◆ Problem requirements
Could you return the listing below exactly, with every line intact?

* * * * *

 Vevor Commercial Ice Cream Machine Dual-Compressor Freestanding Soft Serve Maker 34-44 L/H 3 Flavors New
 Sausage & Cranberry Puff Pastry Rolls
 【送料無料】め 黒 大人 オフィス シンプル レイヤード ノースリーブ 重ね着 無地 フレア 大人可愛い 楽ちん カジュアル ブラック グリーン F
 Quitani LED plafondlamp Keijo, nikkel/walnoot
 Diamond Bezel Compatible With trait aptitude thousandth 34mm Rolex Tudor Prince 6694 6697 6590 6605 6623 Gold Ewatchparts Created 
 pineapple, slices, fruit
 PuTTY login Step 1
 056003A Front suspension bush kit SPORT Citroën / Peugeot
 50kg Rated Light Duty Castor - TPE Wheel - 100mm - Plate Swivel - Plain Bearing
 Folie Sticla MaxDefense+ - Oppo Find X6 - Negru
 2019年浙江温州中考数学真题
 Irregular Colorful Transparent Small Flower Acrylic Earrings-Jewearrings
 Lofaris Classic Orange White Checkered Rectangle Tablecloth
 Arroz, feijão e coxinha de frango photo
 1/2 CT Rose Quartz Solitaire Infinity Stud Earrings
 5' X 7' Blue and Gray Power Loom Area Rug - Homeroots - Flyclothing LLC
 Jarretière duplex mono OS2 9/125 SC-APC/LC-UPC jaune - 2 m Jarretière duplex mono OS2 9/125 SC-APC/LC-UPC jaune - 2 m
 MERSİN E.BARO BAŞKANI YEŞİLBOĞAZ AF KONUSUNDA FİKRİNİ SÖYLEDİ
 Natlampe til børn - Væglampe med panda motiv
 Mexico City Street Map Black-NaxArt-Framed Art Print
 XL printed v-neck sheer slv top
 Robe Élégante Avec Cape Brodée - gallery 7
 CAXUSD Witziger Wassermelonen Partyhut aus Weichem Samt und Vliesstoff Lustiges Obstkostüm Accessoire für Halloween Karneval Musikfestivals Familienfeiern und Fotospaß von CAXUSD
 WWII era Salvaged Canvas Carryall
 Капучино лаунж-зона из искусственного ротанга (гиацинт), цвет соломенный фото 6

* * * * *

◆ Solution to the exercise
 Vevor Commercial Ice Cream Machine Dual-Compressor Freestanding Soft Serve Maker 34-44 L/H 3 Flavors New
 Sausage & Cranberry Puff Pastry Rolls
 【送料無料】め 黒 大人 オフィス シンプル レイヤード ノースリーブ 重ね着 無地 フレア 大人可愛い 楽ちん カジュアル ブラック グリーン F
 Quitani LED plafondlamp Keijo, nikkel/walnoot
 Diamond Bezel Compatible With trait aptitude thousandth 34mm Rolex Tudor Prince 6694 6697 6590 6605 6623 Gold Ewatchparts Created 
 pineapple, slices, fruit
 PuTTY login Step 1
 056003A Front suspension bush kit SPORT Citroën / Peugeot
 50kg Rated Light Duty Castor - TPE Wheel - 100mm - Plate Swivel - Plain Bearing
 Folie Sticla MaxDefense+ - Oppo Find X6 - Negru
 2019年浙江温州中考数学真题
 Irregular Colorful Transparent Small Flower Acrylic Earrings-Jewearrings
 Lofaris Classic Orange White Checkered Rectangle Tablecloth
 Arroz, feijão e coxinha de frango photo
 1/2 CT Rose Quartz Solitaire Infinity Stud Earrings
 5' X 7' Blue and Gray Power Loom Area Rug - Homeroots - Flyclothing LLC
 Jarretière duplex mono OS2 9/125 SC-APC/LC-UPC jaune - 2 m Jarretière duplex mono OS2 9/125 SC-APC/LC-UPC jaune - 2 m
 MERSİN E.BARO BAŞKANI YEŞİLBOĞAZ AF KONUSUNDA FİKRİNİ SÖYLEDİ
 Natlampe til børn - Væglampe med panda motiv
 Mexico City Street Map Black-NaxArt-Framed Art Print
 XL printed v-neck sheer slv top
 Robe Élégante Avec Cape Brodée - gallery 7
 CAXUSD Witziger Wassermelonen Partyhut aus Weichem Samt und Vliesstoff Lustiges Obstkostüm Accessoire für Halloween Karneval Musikfestivals Familienfeiern und Fotospaß von CAXUSD
 WWII era Salvaged Canvas Carryall
 Капучино лаунж-зона из искусственного ротанга (гиацинт), цвет соломенный фото 6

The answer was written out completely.